Overview

Welcome to my analysis of the data job market, focusing on the data anayst roles. This project was created out of a desire to navigate and understand the job market more effectively. It delves into the top- paying and in-demand skills to help find optimal opportunities for data analysts.

The Questions

Below are the questions I want to answer in my project:

What are the most demanded skills for the top 3 popular data roles
How well do jobs and skills trending for Data Analysts
How well do jobs and skills pay fot Data Analysts
What are the optimal skills for data analyst to learn? (High Demand and High Paying)

Tools I Used

For my deep dive into the data analyst job market, I harnessed the power of several key tools:

Python: The backbone of my analysis, allowing me to analyze the data and find critical insights.I also used the following Python libraries:
- Pandas Library: This was used to analyze the data.
- Matplotlib Library: I visualized the data.
- Seaborn Library: Helped me create more advanced visuals.
Jupyter Notebooks: The tool I used to run my Python scripts which let me easily include my notes and analysis.
Visual Studio Code: My go-to for executing my Python scripts.
Git & GitHub: Essential for version control and sharing my Python code and analysis, ensuring collaboration and project tracking.

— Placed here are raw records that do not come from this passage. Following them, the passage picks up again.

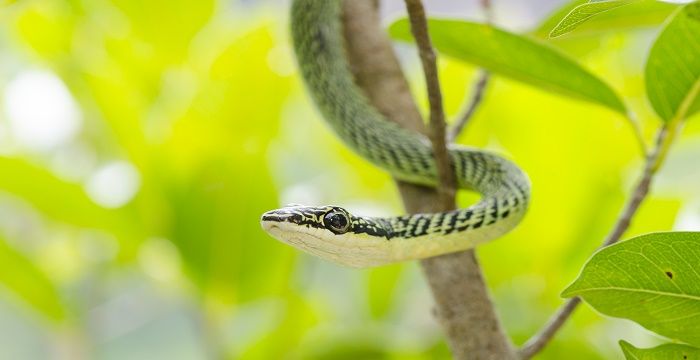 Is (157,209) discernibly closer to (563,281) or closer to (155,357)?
(563,281)

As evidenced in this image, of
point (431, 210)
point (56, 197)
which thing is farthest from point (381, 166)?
point (56, 197)

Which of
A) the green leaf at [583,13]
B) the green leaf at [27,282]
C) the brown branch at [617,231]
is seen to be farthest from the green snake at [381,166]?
the green leaf at [27,282]

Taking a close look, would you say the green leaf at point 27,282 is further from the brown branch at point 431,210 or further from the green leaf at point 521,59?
the green leaf at point 521,59

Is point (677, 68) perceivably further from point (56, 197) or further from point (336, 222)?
point (56, 197)

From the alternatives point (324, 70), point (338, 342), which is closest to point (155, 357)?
point (338, 342)

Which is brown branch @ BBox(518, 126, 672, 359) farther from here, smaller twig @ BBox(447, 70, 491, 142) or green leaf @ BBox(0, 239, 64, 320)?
green leaf @ BBox(0, 239, 64, 320)

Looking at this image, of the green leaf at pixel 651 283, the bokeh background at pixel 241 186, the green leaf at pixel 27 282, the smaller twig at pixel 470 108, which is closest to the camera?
the green leaf at pixel 651 283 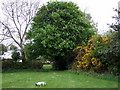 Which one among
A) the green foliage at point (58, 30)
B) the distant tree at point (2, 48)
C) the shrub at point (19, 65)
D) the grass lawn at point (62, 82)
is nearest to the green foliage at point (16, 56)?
the shrub at point (19, 65)

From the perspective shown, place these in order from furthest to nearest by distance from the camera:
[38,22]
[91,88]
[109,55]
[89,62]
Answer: [38,22] → [89,62] → [109,55] → [91,88]

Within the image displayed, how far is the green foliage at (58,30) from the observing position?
995cm

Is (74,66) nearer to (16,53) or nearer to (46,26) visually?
(46,26)

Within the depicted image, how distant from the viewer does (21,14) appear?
15508 mm

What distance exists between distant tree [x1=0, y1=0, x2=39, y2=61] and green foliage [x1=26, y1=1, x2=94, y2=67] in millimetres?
4657

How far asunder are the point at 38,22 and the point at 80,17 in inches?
146

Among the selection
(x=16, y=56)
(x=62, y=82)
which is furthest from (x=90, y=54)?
(x=16, y=56)

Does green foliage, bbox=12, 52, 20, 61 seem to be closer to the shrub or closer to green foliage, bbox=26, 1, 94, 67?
the shrub

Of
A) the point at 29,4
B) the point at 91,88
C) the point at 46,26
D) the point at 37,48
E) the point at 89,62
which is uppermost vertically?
the point at 29,4

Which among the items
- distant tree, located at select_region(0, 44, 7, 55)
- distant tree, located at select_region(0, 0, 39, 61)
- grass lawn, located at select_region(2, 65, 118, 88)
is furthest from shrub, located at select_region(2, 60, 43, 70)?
distant tree, located at select_region(0, 44, 7, 55)

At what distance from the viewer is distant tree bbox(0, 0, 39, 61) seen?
14.8 meters

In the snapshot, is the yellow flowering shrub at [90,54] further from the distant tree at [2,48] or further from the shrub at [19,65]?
the distant tree at [2,48]

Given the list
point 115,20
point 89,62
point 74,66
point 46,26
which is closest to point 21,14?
point 46,26

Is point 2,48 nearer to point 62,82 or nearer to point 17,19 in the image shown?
point 17,19
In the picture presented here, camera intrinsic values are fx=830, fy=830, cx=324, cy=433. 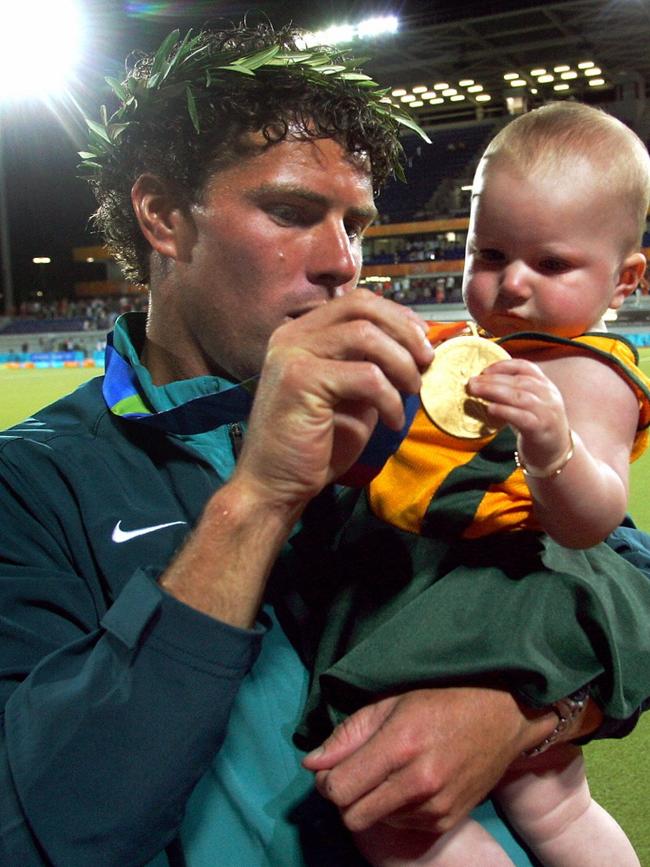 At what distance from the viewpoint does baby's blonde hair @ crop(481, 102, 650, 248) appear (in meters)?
1.70

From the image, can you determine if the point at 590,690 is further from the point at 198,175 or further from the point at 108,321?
the point at 108,321

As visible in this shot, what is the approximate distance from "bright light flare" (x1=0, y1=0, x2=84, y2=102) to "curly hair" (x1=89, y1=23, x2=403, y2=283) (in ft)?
73.2

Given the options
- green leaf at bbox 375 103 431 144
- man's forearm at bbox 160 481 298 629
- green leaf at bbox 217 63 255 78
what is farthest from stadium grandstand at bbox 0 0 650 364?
man's forearm at bbox 160 481 298 629

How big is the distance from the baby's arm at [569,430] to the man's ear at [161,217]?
1.16 meters

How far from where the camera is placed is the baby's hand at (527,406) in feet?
4.15

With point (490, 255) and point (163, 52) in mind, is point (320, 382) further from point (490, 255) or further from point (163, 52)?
point (163, 52)

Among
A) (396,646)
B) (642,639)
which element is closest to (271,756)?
(396,646)

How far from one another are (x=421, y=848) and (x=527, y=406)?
0.82 meters

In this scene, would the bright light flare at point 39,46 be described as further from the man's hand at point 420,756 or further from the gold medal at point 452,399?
the man's hand at point 420,756

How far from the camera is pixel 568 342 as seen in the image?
1535mm

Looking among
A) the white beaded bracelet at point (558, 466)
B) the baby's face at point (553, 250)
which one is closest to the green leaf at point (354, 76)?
the baby's face at point (553, 250)

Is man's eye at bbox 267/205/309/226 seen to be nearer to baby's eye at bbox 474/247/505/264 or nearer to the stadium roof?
baby's eye at bbox 474/247/505/264

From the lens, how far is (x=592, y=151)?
67.0 inches

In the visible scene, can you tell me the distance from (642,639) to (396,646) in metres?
0.47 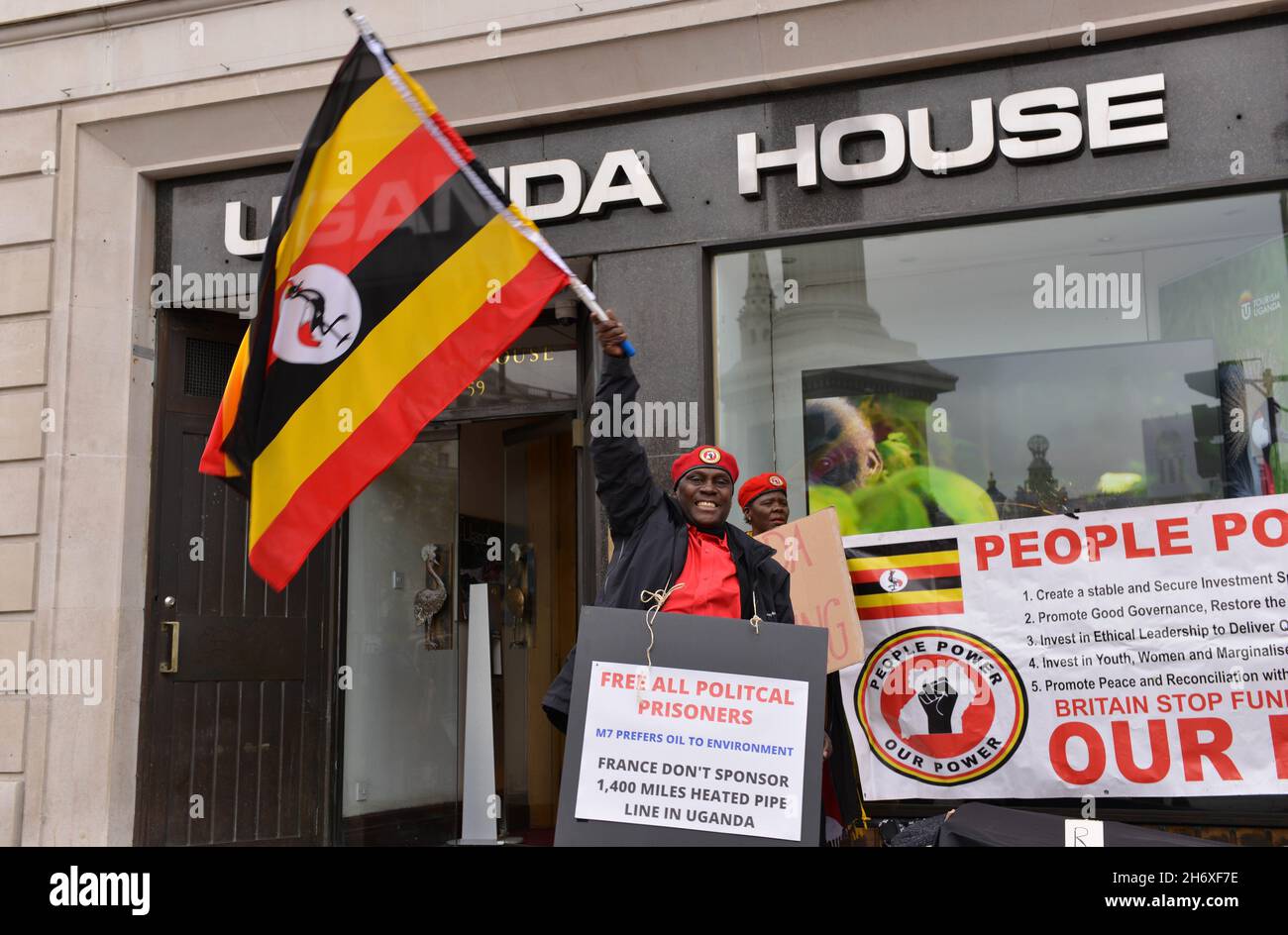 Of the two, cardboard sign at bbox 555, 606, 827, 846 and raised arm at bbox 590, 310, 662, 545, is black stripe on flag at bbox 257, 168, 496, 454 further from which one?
cardboard sign at bbox 555, 606, 827, 846

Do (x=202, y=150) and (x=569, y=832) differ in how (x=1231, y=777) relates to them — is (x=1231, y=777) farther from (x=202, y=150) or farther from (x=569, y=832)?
(x=202, y=150)

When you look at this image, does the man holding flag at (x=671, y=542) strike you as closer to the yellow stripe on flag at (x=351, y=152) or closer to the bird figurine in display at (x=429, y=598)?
the yellow stripe on flag at (x=351, y=152)

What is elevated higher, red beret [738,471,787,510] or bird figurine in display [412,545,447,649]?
red beret [738,471,787,510]

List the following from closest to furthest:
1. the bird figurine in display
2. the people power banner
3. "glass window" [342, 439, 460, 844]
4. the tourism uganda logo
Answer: the people power banner
the tourism uganda logo
"glass window" [342, 439, 460, 844]
the bird figurine in display

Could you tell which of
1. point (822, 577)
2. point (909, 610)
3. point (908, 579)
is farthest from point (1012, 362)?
point (822, 577)

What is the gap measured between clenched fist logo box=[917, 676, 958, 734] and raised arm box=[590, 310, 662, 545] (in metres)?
2.07

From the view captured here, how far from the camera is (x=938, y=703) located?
599 centimetres

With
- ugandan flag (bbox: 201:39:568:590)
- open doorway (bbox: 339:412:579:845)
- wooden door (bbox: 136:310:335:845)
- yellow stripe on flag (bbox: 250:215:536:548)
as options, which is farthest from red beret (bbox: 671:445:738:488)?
wooden door (bbox: 136:310:335:845)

Data Preparation and Cleanup

This section outlines the steps taken to prepare the data for analysis, ensuring accuracy and usability.

Import & Clean Up Data

I start by importing necessary libraries and loading the dataset, followed by initial data cleaning tasks to ensure data quality.

# Importing Libraries
import ast
import pandas as pd
import seaborn as sns
import matplotlib.pyplot as plt

# Loading Data
df= pd.read_csv("data_jobs.csv")

# Data Cleanup
df['job_posted_date'] = pd.to_datetime(df['job_posted_date'])
df['job_skills'] = df['job_skills'].apply(lambda x: ast.literal_eval(x) if pd.notna(x) else x)

## Filter UK Jobs

To focus my analysis on the U.K. job market, I apply filters to the dataset, narrowing down to roles based in the United Kingdom.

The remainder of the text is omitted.